• **Try it**
Copy out the entries below precisely; nothing is to be omitted.

___ Input data

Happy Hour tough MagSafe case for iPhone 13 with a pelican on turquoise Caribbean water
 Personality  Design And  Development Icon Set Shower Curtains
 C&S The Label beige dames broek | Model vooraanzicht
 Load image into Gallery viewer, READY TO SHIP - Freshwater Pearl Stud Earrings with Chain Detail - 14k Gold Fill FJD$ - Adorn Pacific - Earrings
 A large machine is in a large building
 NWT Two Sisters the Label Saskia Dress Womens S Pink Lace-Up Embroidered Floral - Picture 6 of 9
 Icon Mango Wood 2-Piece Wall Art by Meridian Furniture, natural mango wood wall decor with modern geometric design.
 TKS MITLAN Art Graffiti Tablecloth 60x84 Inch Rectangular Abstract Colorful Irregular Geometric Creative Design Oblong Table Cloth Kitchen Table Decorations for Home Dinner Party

______

• **Result of this exercise**
Happy Hour tough MagSafe case for iPhone 13 with a pelican on turquoise Caribbean water
 Personality  Design And  Development Icon Set Shower Curtains
 C&S The Label beige dames broek | Model vooraanzicht
 Load image into Gallery viewer, READY TO SHIP - Freshwater Pearl Stud Earrings with Chain Detail - 14k Gold Fill FJD$ - Adorn Pacific - Earrings
 A large machine is in a large building
 NWT Two Sisters the Label Saskia Dress Womens S Pink Lace-Up Embroidered Floral - Picture 6 of 9
 Icon Mango Wood 2-Piece Wall Art by Meridian Furniture, natural mango wood wall decor with modern geometric design.
 TKS MITLAN Art Graffiti Tablecloth 60x84 Inch Rectangular Abstract Colorful Irregular Geometric Creative Design Oblong Table Cloth Kitchen Table Decorations for Home Dinner Party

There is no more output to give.